▸ Task material
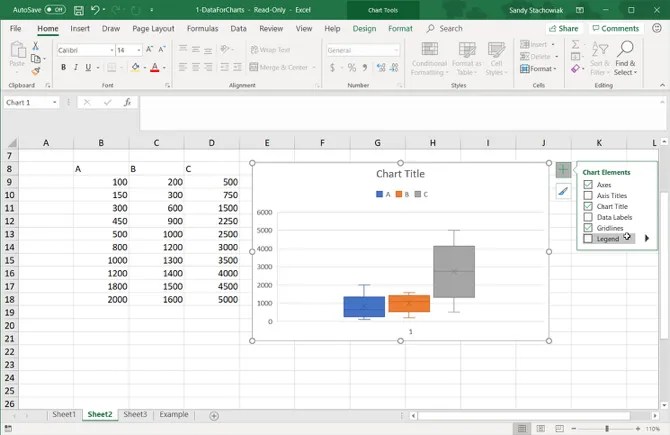 How to Make a Box and Whisker Plot in Microsoft Excel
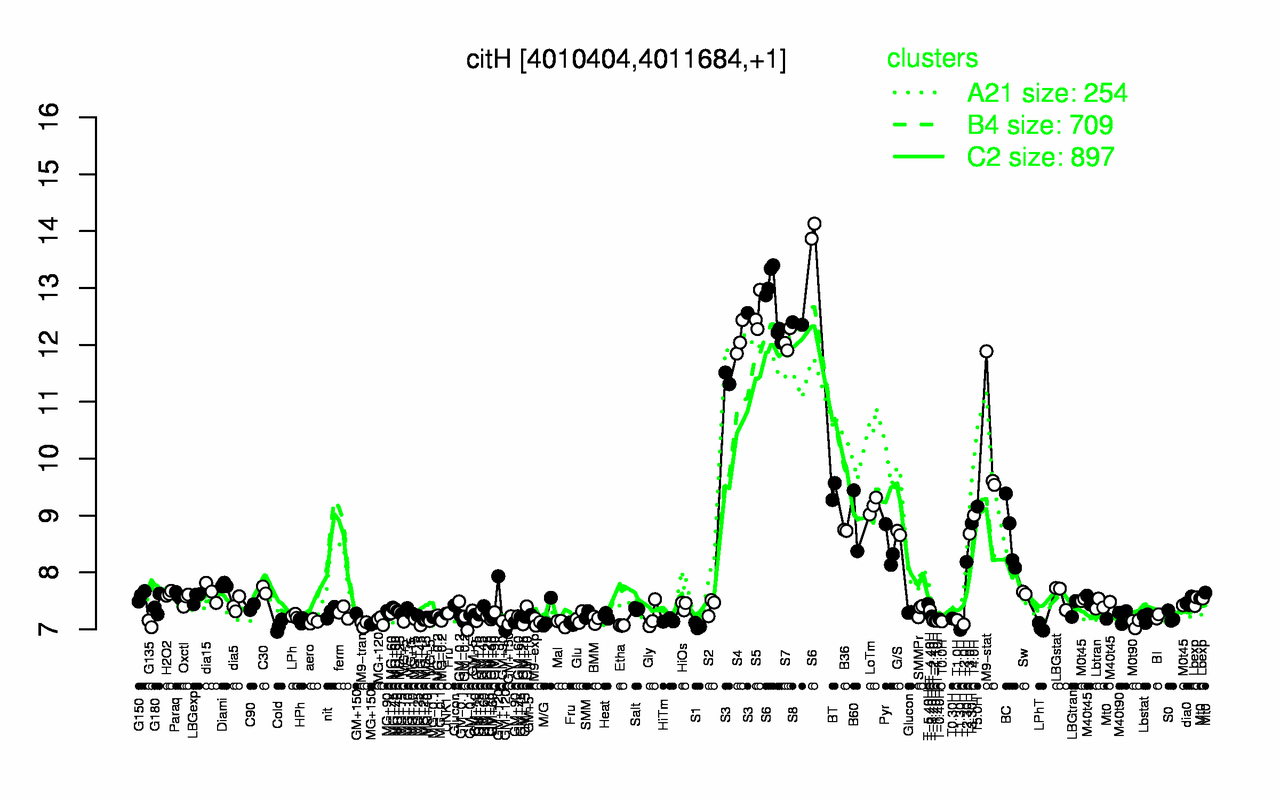 Graph of expression data for this gene.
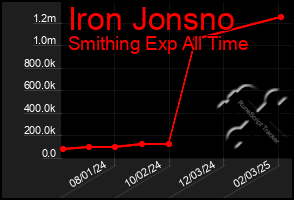 Total Graph of Iron Jonsno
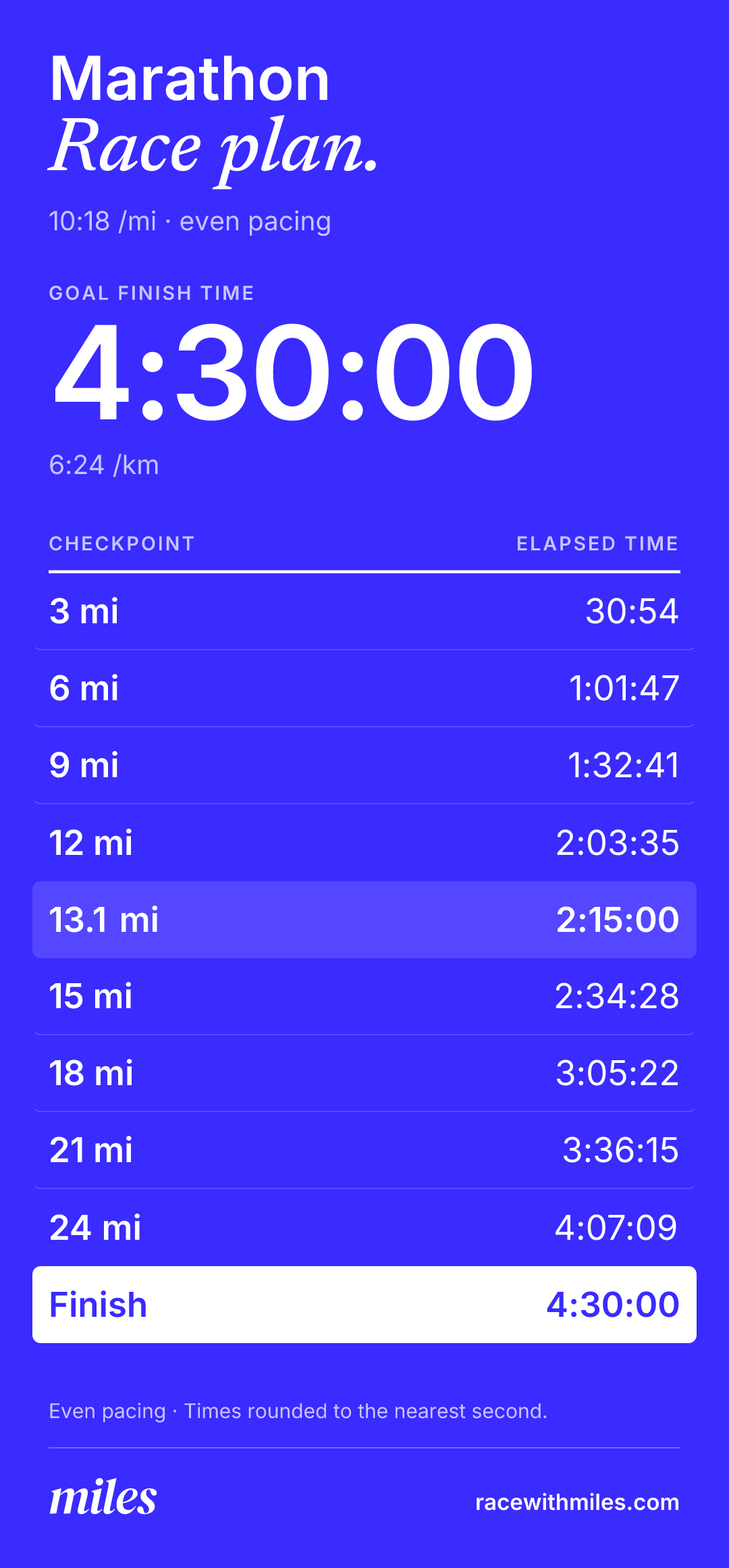 4:30 marathon race plan: 10:18 per mile, 6:24 per kilometer, halfway in 2:15:00. Checkpoints every 3 miles plus halfway.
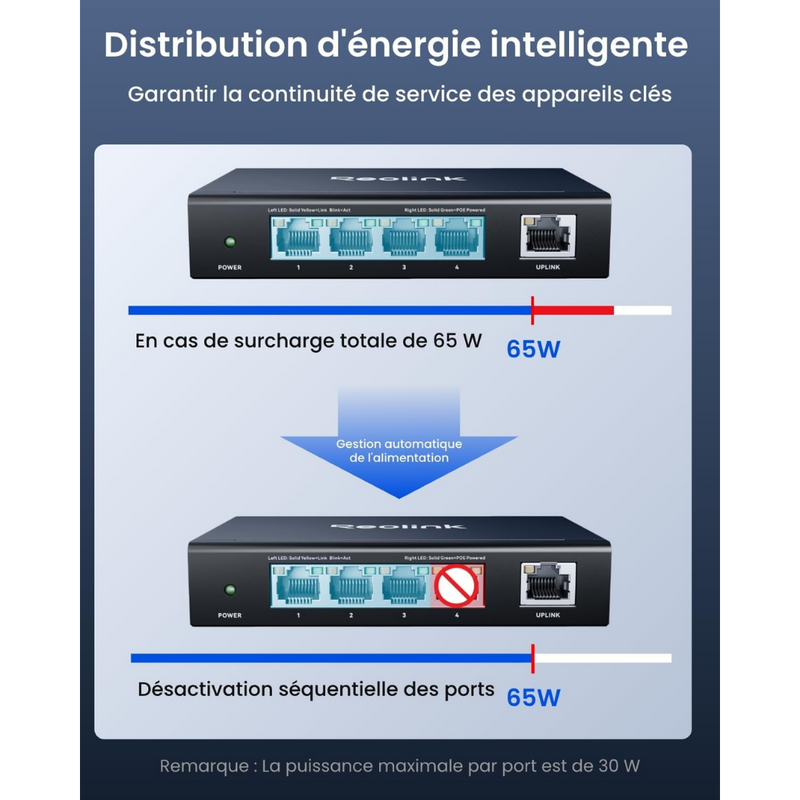 Reolink RLA-PS1E - Switch POE GB 4 Ports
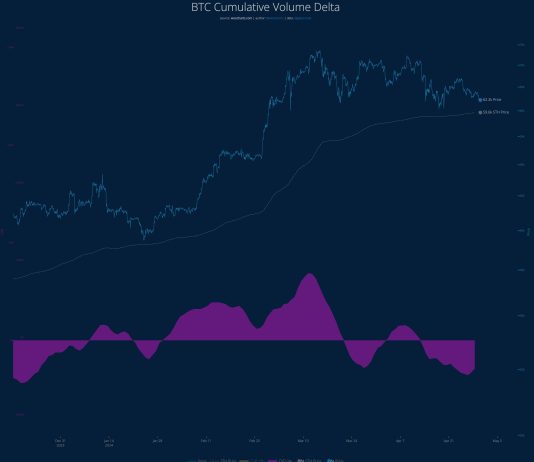 $59,600: Analyst Explains Why Bitcoin Should Keep Above This Degree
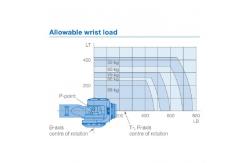 China 6 Axis Robot Arm GP88 Payload 88kg Reach 2236mm Material Handing Robotot supplier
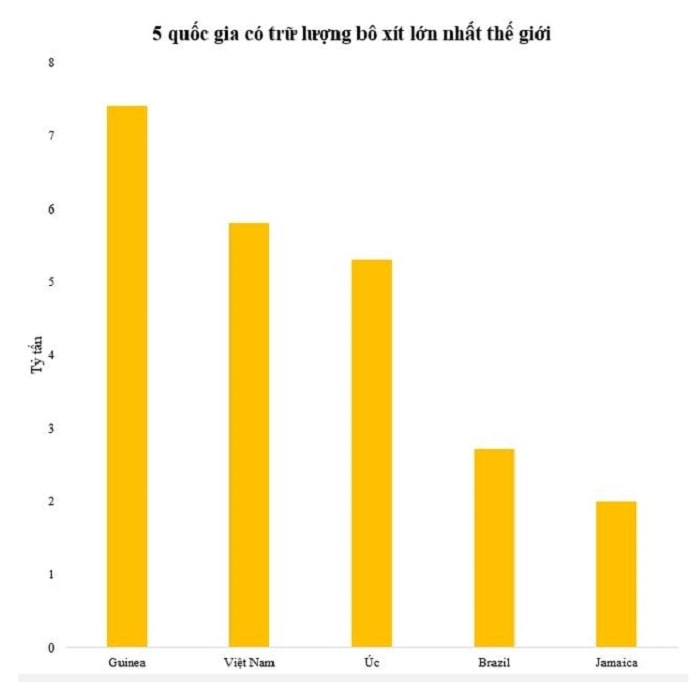 5 quốc gia có trữ lượng đất hiếm lớn nhất thế giới 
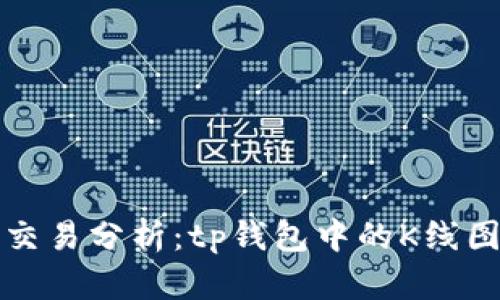 加密货币交易分析:tp钱包中的K线图查看指南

▸ Requirement
Write out the data above in full and exactly, but not the pictures.

▸ Your solution
 How to Make a Box and Whisker Plot in Microsoft Excel
 Graph of expression data for this gene.
 Total Graph of Iron Jonsno
 4:30 marathon race plan: 10:18 per mile, 6:24 per kilometer, halfway in 2:15:00. Checkpoints every 3 miles plus halfway.
 Reolink RLA-PS1E - Switch POE GB 4 Ports
 $59,600: Analyst Explains Why Bitcoin Should Keep Above This Degree
 China 6 Axis Robot Arm GP88 Payload 88kg Reach 2236mm Material Handing Robotot supplier
 5 quốc gia có trữ lượng đất hiếm lớn nhất thế giới 
 加密货币交易分析:tp钱包中的K线图查看指南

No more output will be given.